_EXERCISE INSTRUCTIONS_
Go to the line containing "Hand of Fatima Frosted Glass Coffee Mug" in the listing below and retype it and every later line exactly, down to the last.

─── INFORMATION GIVEN ───

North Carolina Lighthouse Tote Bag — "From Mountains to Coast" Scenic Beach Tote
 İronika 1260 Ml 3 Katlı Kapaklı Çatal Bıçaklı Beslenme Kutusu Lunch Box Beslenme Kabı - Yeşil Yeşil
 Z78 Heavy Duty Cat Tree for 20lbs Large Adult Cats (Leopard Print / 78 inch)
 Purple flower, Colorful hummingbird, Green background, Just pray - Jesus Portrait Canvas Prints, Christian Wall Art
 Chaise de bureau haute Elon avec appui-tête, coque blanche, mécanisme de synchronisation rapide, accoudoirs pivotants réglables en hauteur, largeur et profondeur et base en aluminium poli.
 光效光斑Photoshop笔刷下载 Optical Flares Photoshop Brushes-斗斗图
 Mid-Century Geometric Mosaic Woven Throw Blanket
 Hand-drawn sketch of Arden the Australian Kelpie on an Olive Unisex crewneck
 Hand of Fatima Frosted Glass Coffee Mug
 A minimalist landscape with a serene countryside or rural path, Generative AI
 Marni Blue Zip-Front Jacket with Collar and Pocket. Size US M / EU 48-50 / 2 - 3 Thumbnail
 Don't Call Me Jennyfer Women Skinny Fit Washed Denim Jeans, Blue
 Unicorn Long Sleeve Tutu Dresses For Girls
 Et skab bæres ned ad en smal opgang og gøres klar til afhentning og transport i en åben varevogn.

───

_TASK OUTPUT_
 Hand of Fatima Frosted Glass Coffee Mug
 A minimalist landscape with a serene countryside or rural path, Generative AI
 Marni Blue Zip-Front Jacket with Collar and Pocket. Size US M / EU 48-50 / 2 - 3 Thumbnail
 Don't Call Me Jennyfer Women Skinny Fit Washed Denim Jeans, Blue
 Unicorn Long Sleeve Tutu Dresses For Girls
 Et skab bæres ned ad en smal opgang og gøres klar til afhentning og transport i en åben varevogn.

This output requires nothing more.